Frankfurter Allgemeine Zeitung - Rezension
Frankfurter Allgemeine Zeitung | Besprechung von 04.08.2023

Bayreuth wird weiblicher

Im "Tannhäuser" und im "Fliegenden Holländer" geben Nathalie

Stutzmann und Oksana Lyniv den Takt vor.

Was hat Nathalie Stutzmann bloß aus Richard Wagners "Tannhäuser" gemacht?! Sie gibt dieser Musik als Dirigentin eine selbstverständliche, leise und nötigungsfreie Schönheit, die schneller und nachhaltiger hinreißt als alle offensive Überwältigung. Aus dem Vorspiel zum dritten Aufzug, jenem kargen Wechselgesang von tieferen und hohen Holzbläsern, macht sie ein Stillleben der Klänge, das wie alle Stillleben Todesmetapher ist. Weißen Lilien oder Chrysanthemen gleich blühen die Spitzentöne - erst der Oboen, dann der Flöten - auf und welken. Die Blumen des Bösen, die Charles Baudelaire, der "Tannhäuser" 1861 in Paris erlebt hatte, bedichtete, sind es nicht. Es sind Blumen entbehrungserfahrener Liebe, letzte Blüten einer lebensverzehrenden Sehnsucht.
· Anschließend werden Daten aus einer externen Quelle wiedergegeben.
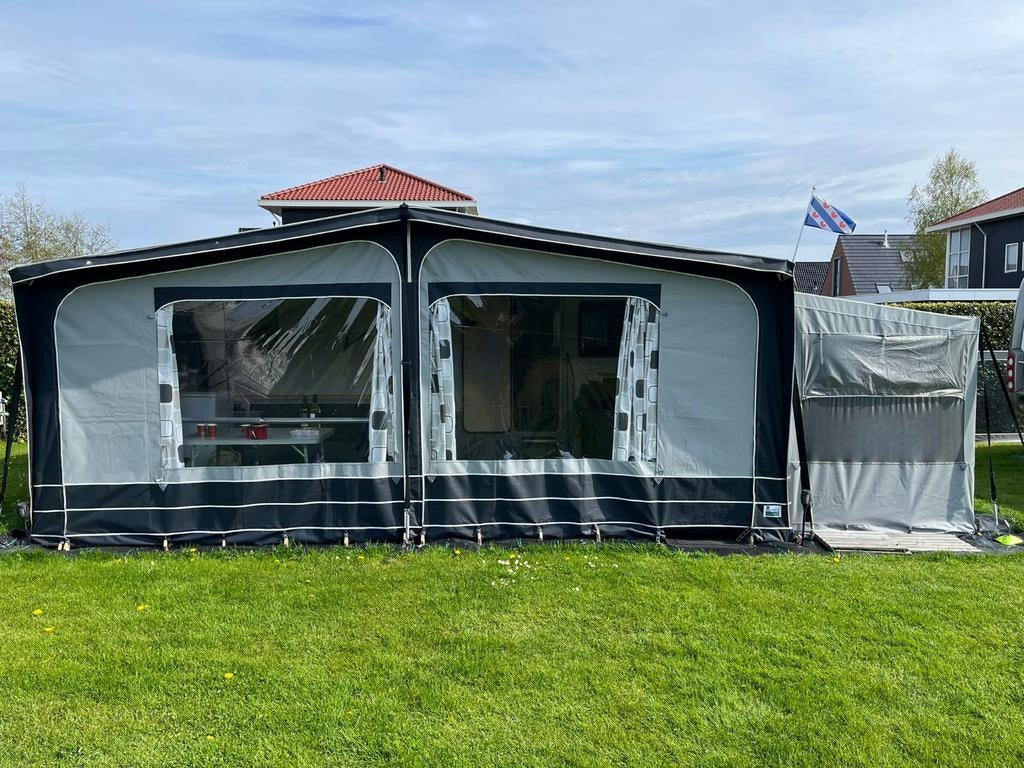 Obelink pvc voortent mt 13, 270 diep, met luifel en aanbouw, Ophalen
Stutzmann ist nach Oksana Lyniv die zweite Frau in der Geschichte der Bayreuther Festspiele, die hier dirigiert. Dass sie bis vor Kurzem noch eine Altistin von Weltrang war, hört man ihrem Musizieren an. Im Vorspiel zum "Tannhäuser" - nur mit Klarinetten, Hörnern und Fagotten beginnend - verlangt Wagner als Tempo "Nicht schleppend, gehende Bewegung", dazu: "sehr gehalten". Phrasierungsvermerke allerdings fehlen ganz. Was macht Stutzmann? Sie denkt den Text des Pilgerchores hinzu, der später zu dieser Musik gesungen werden wird, und gliedert viertaktig entsprechend dem Reimschema, ganz so, wie eine Sängerin atmen würde. Vor großen Höhepunkten lässt sie das Orchester gleichsam Luft holen, verzögert leicht und lässt dann kollektiv ausatmen. Der Venusbergmusik mit ihren keuchenden Akzenten, die dann schnell wie ersticktes Stöhnen leiser werden müssen, nimmt sie das nervös Flackernde, die grelle Triebhysterie. Die Kontraste sind alle da, aber organisch, zauberhaft, gewinnend schön, ohne Atemlosigkeit.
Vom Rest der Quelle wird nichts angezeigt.